I spend my time preaching about the value of consistency and familiarity but seldom do I get such a violent reminder as I did a few weeks ago. Having bought a few things on eBay I was going through the process of bulk paying for them when I was stopped dead by one item that required me to go through a “channel partner”. This was a nightmare; I wanted to go click, click, click to pay for my stuff in my familiar way and now I had to look, search, read, learn.

Yuk!

Keep it simple = keep it familiar (unless you can improve on it - lower sellers fees is not an improvement, ever)

Apr 11

I used to do it a lot, quite often they were there “just to brighten the page up” but mostly they were pointless. I’ve recently started using mobile broadband and get frustrated when people stick huge images on web site so maybe I just carried that thinking across and am being more considerate.

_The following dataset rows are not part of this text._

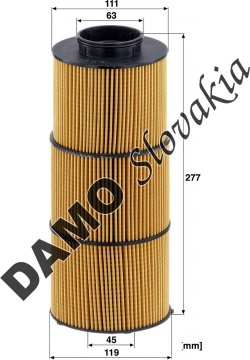 Olejový filter MANN FILTER HU 12 021 z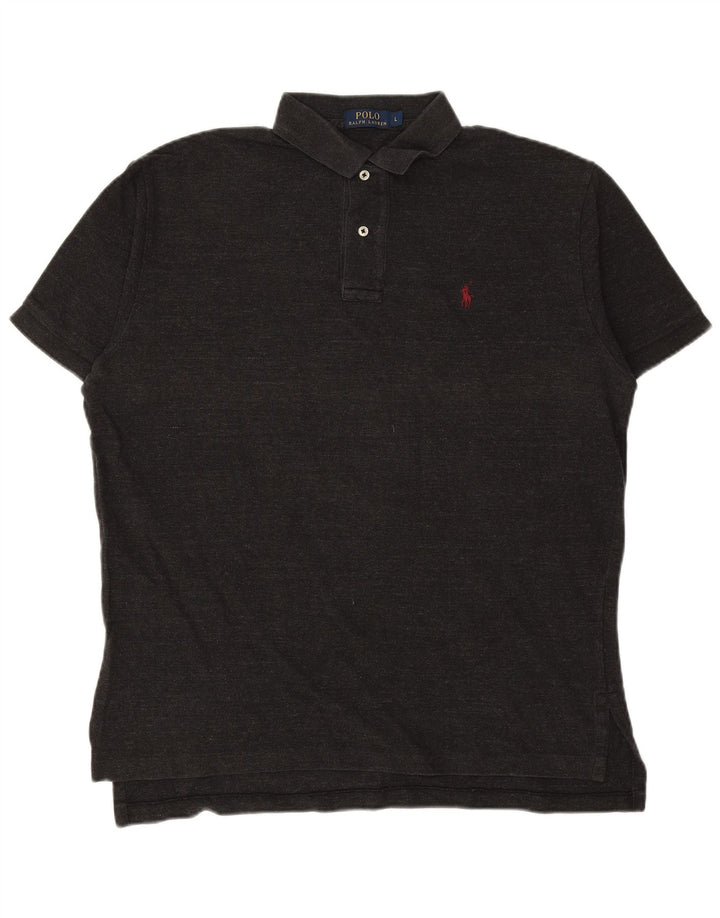 Męska koszulka polo POLO RALPH LAUREN, duża, szara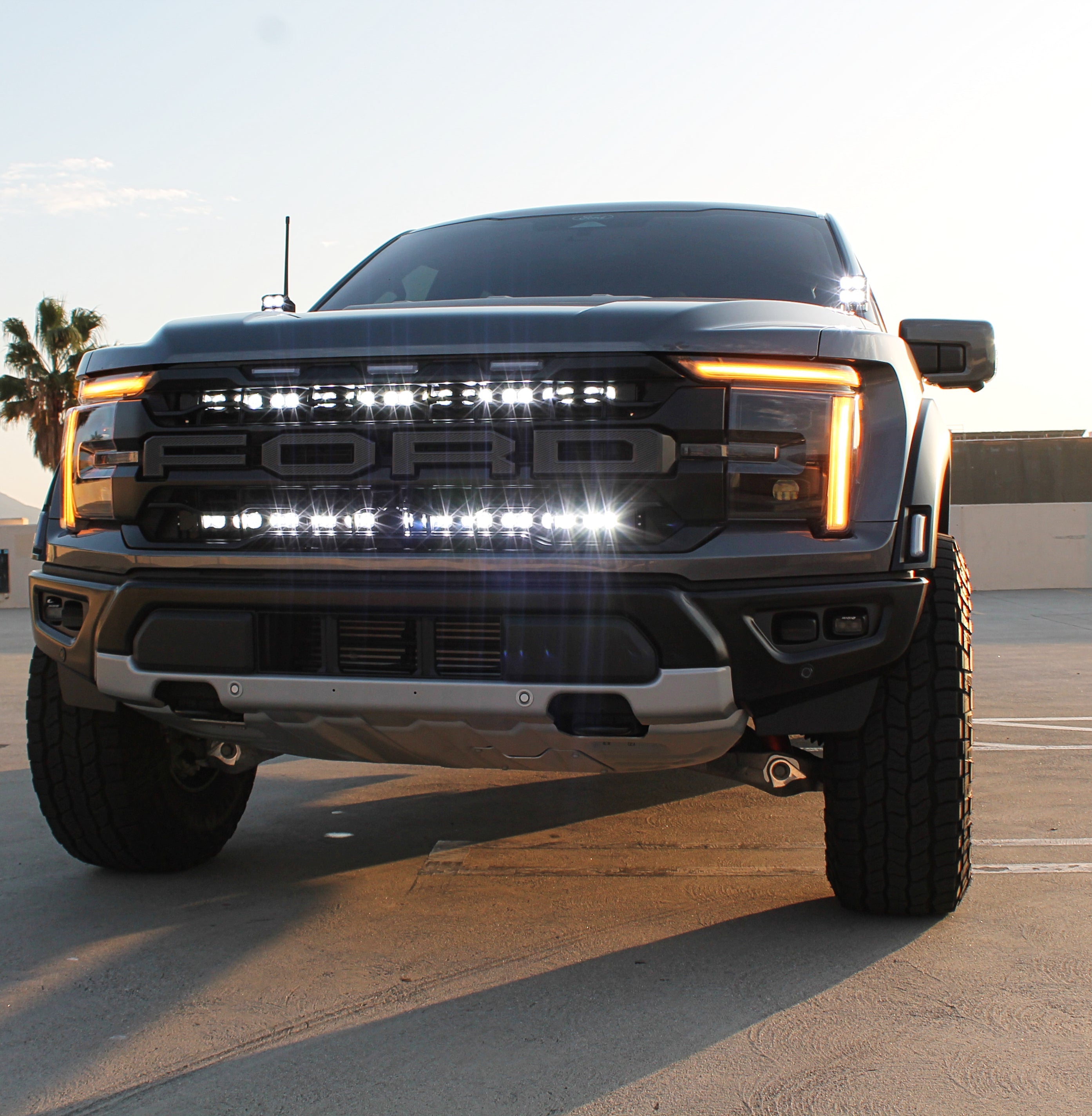 2024+ Ford Raptor Gen 3 Refresh Hood Mount/Ditch Lights - PRO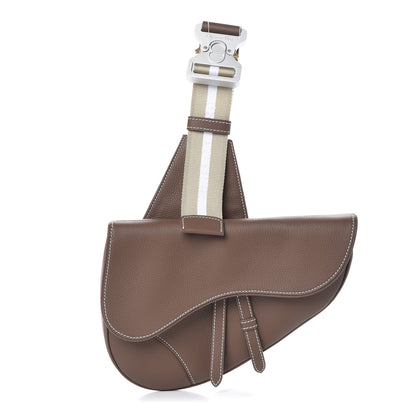 Christian Dior Grained Calfskin Saddle Bag Brown 1 of 7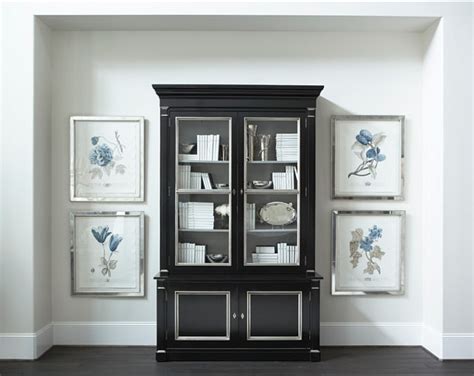 Glass Front Armoire Contemporary Entrancefoyer Linda Mcdougald Design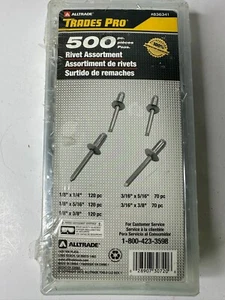 Tradespro 500 Piece Rivet Assortment - 836341 ~ FREE SHIPPING - Picture 1 of 2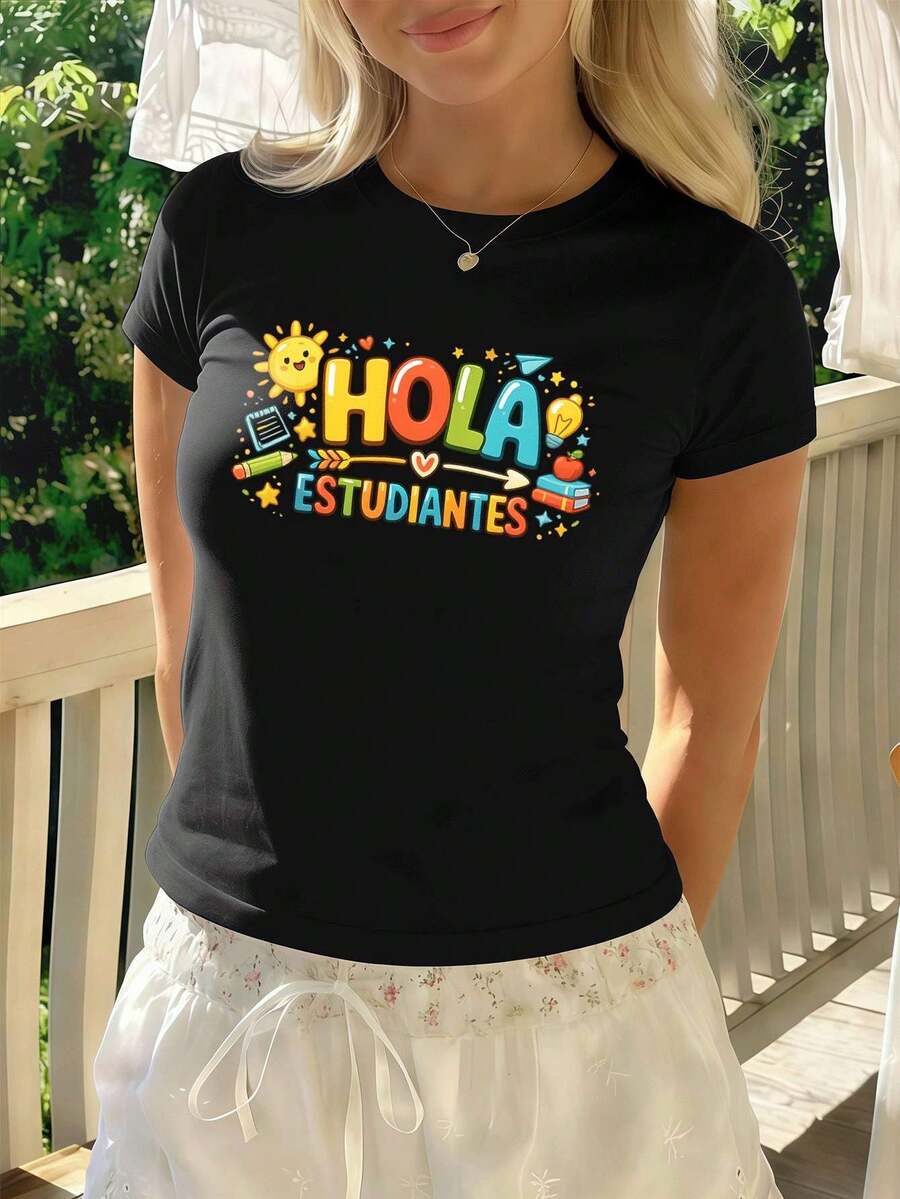 Women T-Shirts - Black - View 1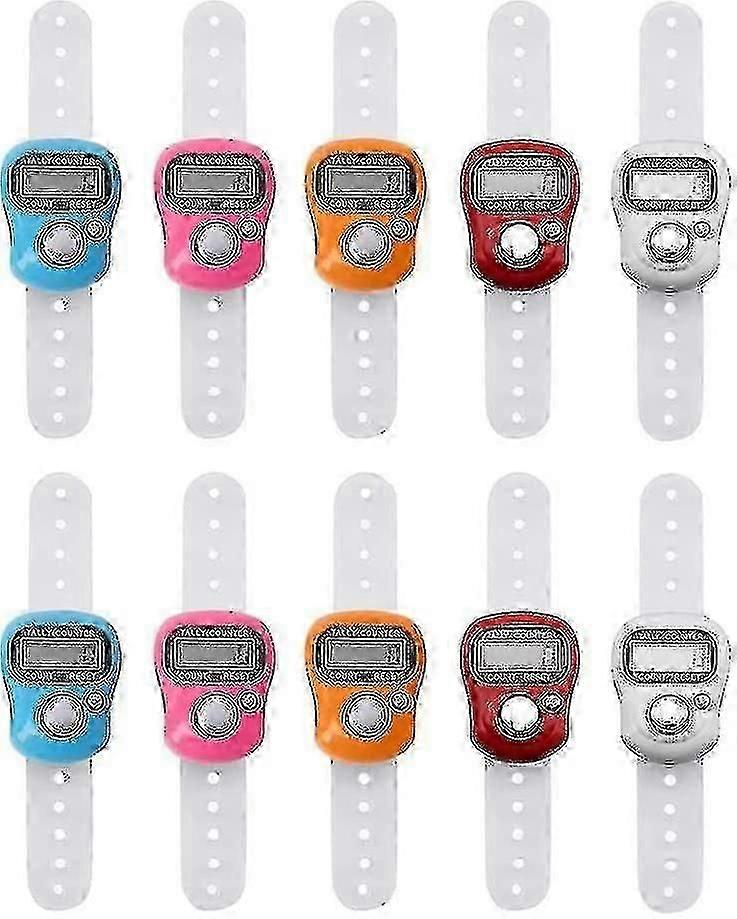 Finger Counter, 10pcs Hand Counter, Finger Counter, Electronic Counter Lap Counter, with LCD Display and Resettable, for Muslim Prayer Case [HS]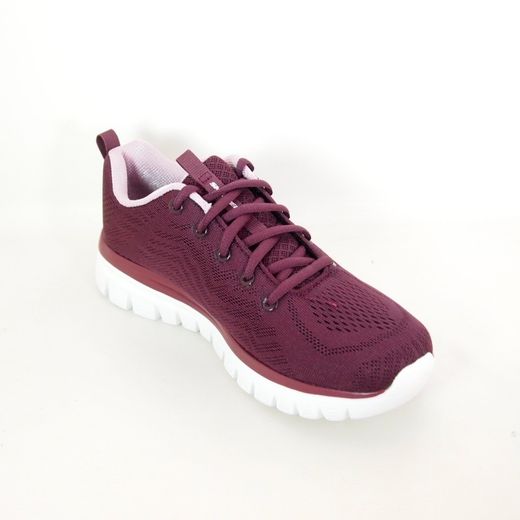 Zapatillas deportivas Skechers 12615 Graceful Get Connected Granate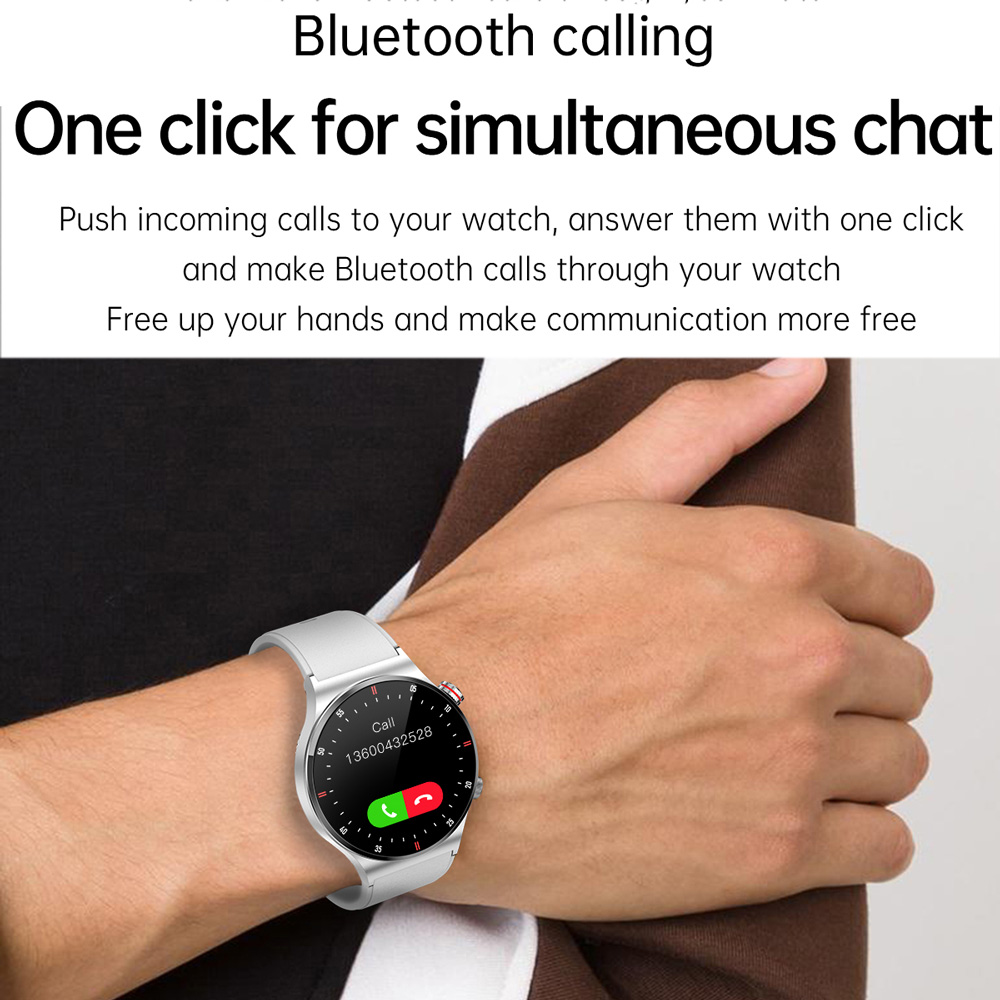 高級QW33スマートウォッチ メンズ NFC ワイヤレス通話 - Luxury Watch Korea のレビューと価格
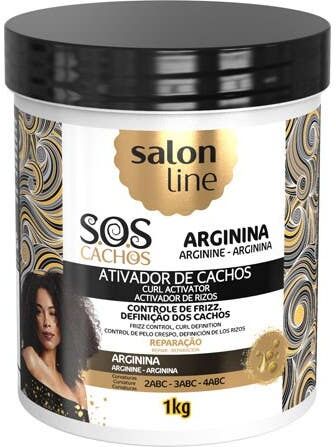 Salon Line S.O.S Cachos Activador Rizos Arginina 1000 g
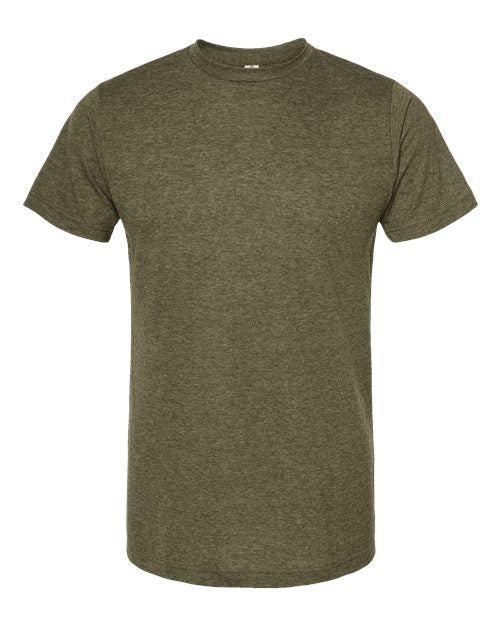 Tultex Unisex Poly-Rich T-Shirt 241 - Heather Military Green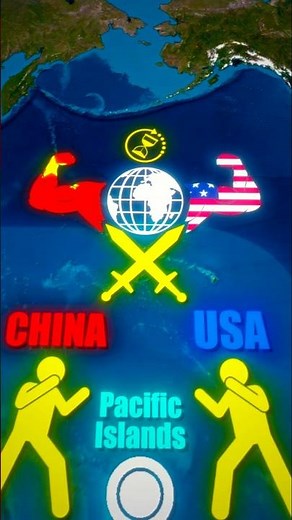 US and China's Battle for the Pacific islands #geography #usa #geographyfacts #geopolitics #fact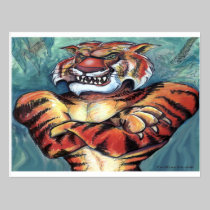 Muscle de tigre cartes postales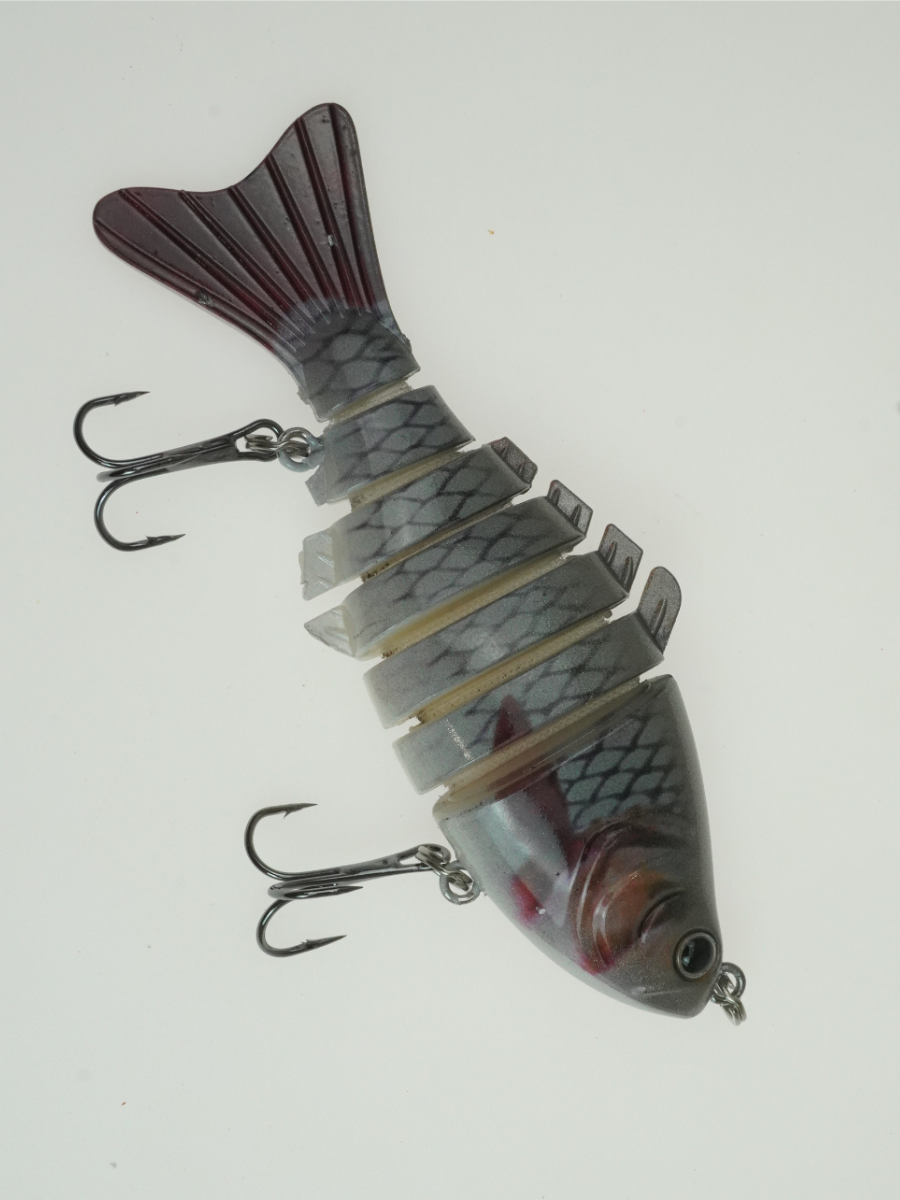 Воблер FISHING LURE Свимбейт 10см, 15,5гр, цв.6 кр. 4, Белый;красный;серый, FISHING LURE 1
Воблер FISHING LURE Свимбейт 10см, 15,5гр, цв.6 кр. 4, Белый;красный;серый, FISHING LURE 1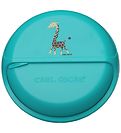 Carl Oscar Snackbox - 15 cm - Turquoise Giraffe
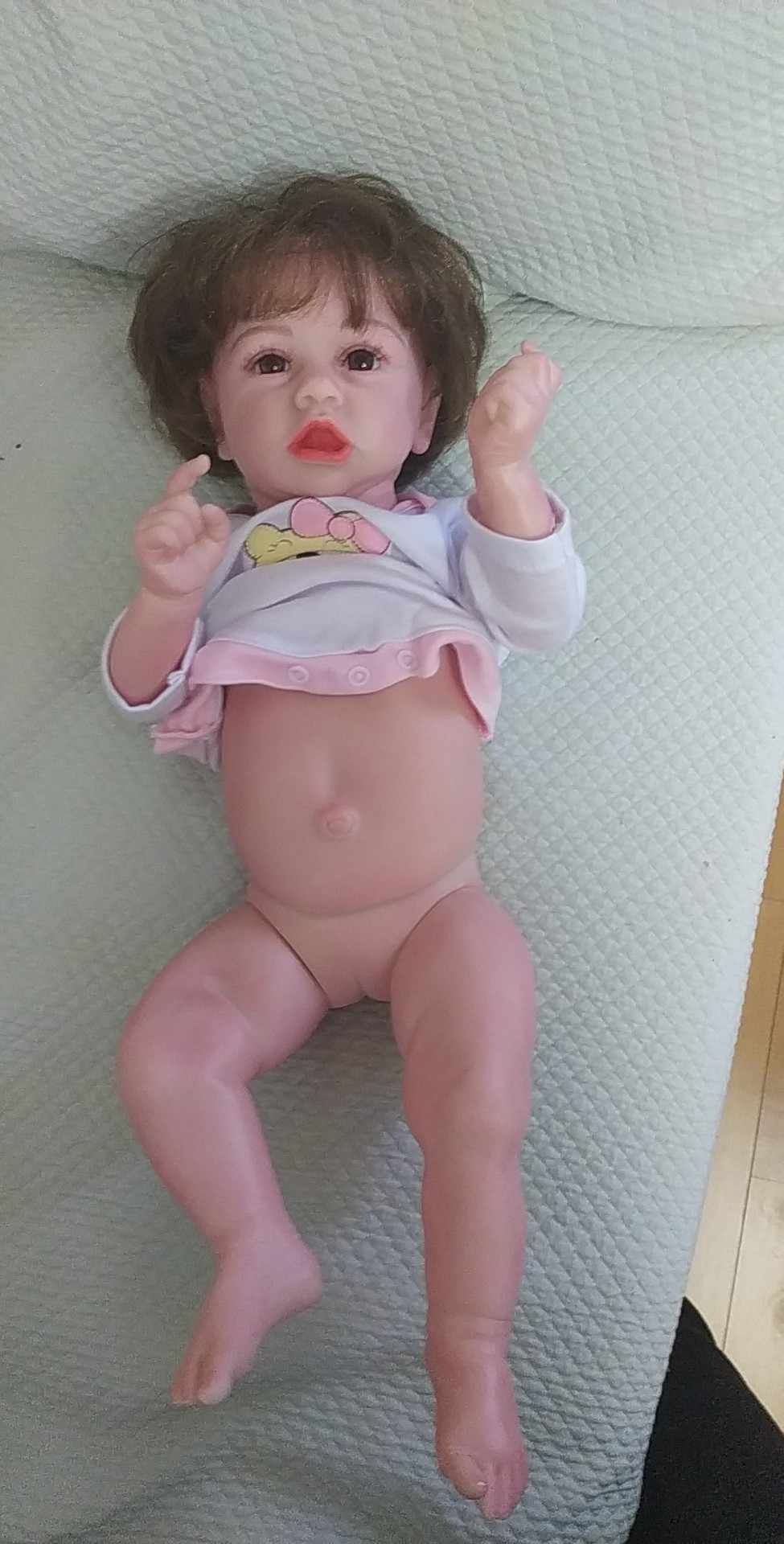 Lalka bobas newborn dziewczynka 57cm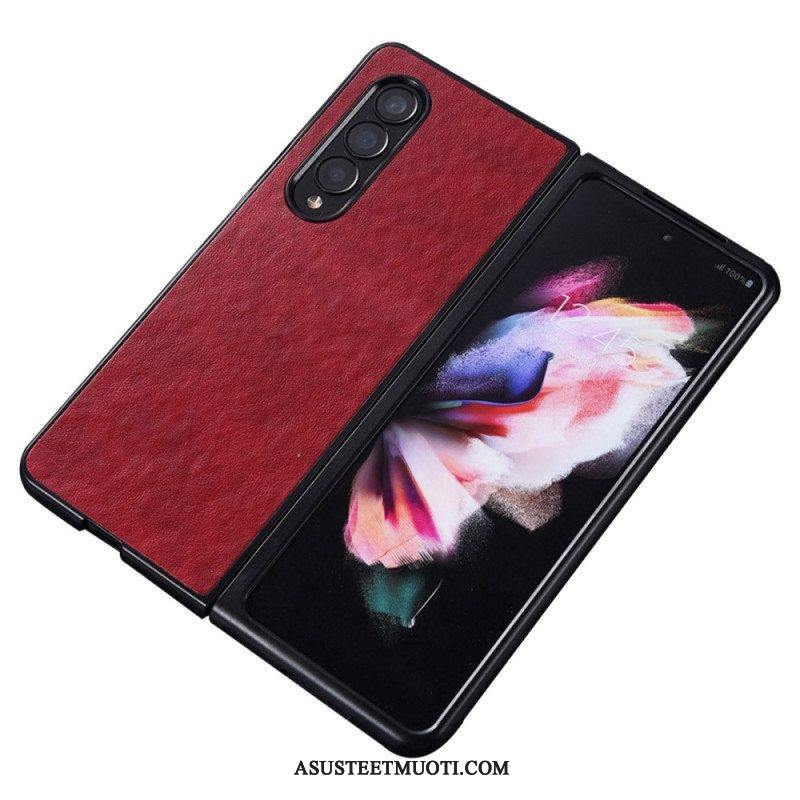 Case Samsung Galaxy Z Fold 4 Faux Nahka Nylon Texture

Or it could be because I am still learning WordPress and the Typepad platform I used before was easier (for me) to insert images :)

Feb 12

We have been successfully using our VITES platform to control the flow of visitors through site for a number of years now. We have tended to use it to drop the visitor into a profile which deals with them according to individual attribute (gender, age etc). As a result we have been building big matrices of attributes that are starting to get a little cumbersome.

Recently we adopted “personas” to better understand the needs of site visitors and this is a simple way to work out how we deal with visitors. Yesterday, Andy (our systems guru) suggested we directly map the personas onto the profiles! This reduces the complexity of the VITES profiles enormously so we are going to implement this on one of our current build sites.

I’ll keep you posted on the outcome of this, it will be a great experiment and everyone at Connected reckons it’s a great leap forward. So do I.

If you don’t understand or haven’t come across VITES or profiling then have a read of this.

Feb 9

Our new corporate site has been live now for some months. It replaced a larger and more expansive site and is now a simple 4 page affair with some links to various other places (including here) and also to our VITES software platform site.

The problem for me is that it is drawing mixed responses. Some people seem to love it with the likes of David Pinchard (founder of TopInterim), a very senior and well respected marketeer who I have known for 10 years, saying it is “great” and that “less is more”.

On the other hand I have had comments that is lacks substance and doesn’t say enough. It is true that the audience will probably know of us but that does worry me. Should it? What do you think of our corporate site? Please do tell me, warts and all.

Feb 7

I’m really very fortunate to work with some of the most forward-thinking companies in the UK, but sometimes they just plain don’t understand this Net thing.

This week I had a meeting with a large client who has spent over £10m on his web strategy since 2005. Big money, big ideas and huge amounts of success. Ace.

As part of the (large) strategy is a very successful forum, it’s the only one in their space and it stands large and dominating. They rarely have to moderate it and have a great community of about 6,000 registered users and around 50,000 lurkers every year reading 20,000 posts. It cost less than £5,000 to setup in 2003 - what a bargain!

It’s a great opportunity to communicate to their ‘family’, their customers, their messengers. It could be the most influential element of their brand. In the world of semantic trust, social networking, link-sharing and search engines it offers a unique (in their marketplace) opportunity.

Last year they spent less than £500 and 1hr a week looking after it. Not surprisingly it’s dying. That is dysfunctional marketing.

Put simply, they just don’t get it. What a waste.